= Fashion Pakistan Week =

Pakistan Fashion Week (PFW) is a fashion event annually held in Karachi, Pakistan. The event is organised by the Fashion Pakistan Council (FPC) an organisation based in Karachi. The FPW was first launched in 2009 in Marriott Hotels, Karachi.

The fashion industry in Pakistan had remained shy for cultural reasons. The event aims to present a vision of Pakistan that contrasts with its image of religious and political conflict, despite the domestic fashion industry often differing from the conservative dress codes expected in public spaces.
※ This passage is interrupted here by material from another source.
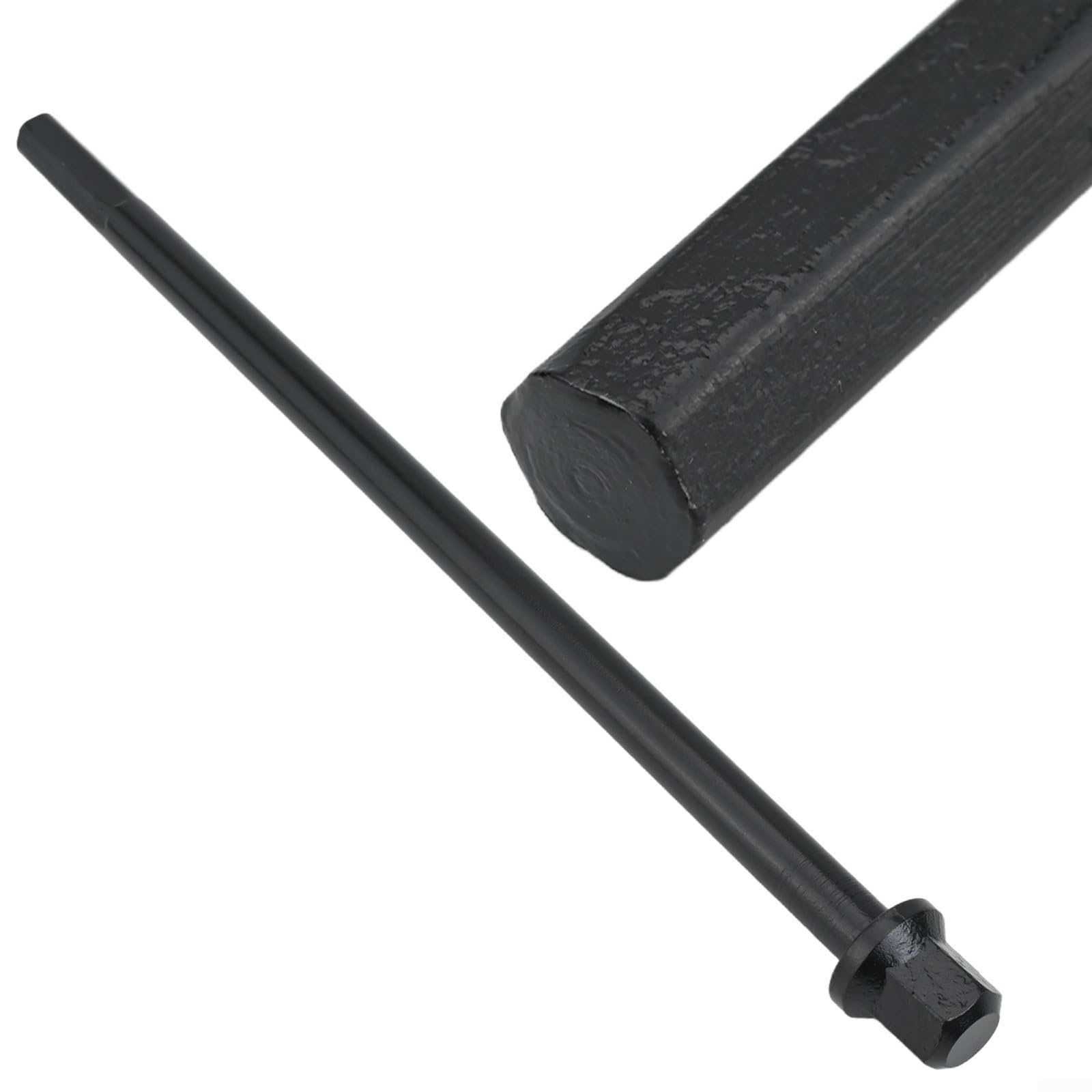 Strumento di rilascio ruota di riserva per Mercedes Vito W639 W447 V Classe 2005-2022 Ricambio A6395830245 Metallo Nero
The first edition was organized in 2009, and was delayed twice for security issues.

== 2012 ==
FPW's fourth edition was held in September 2012 in Karachi. The event was held for three days with a great showings of fashion designers from all around the Pakistan.

== 2013 ==
FPW 5 was scheduled to be held on March 20–22, 2013, a three days event will present thirty designers from all over the Pakistan. But due to the Abbas Town tragedy, FPC's CEO and a designer Maheen Khan postponed to April 2013. The 3-day event was held on April 9, 2013. Fashion Pakistan Week 2017 featured Khas Stores, Emran Rajput, Baani D and Maheen Khan on the first day.

==2014==
FPW Autumn/Winter 2014 was held from November 25–27 in Karachi. Mohsin Ali, Nauman Arfeenshowing, Ather Ali Hafeez for Sana Safinaz, Ishtiaq Afzal Khan's "Aurora," Nida Azwer, Shehla Chatoor, Deepak and Fahad, Ayesha Farooq Hashwani, Maheen Karim, Maheen Khan, Levi's, Sadaf Malaterre, and Faraz Mannan were among those showing at the event.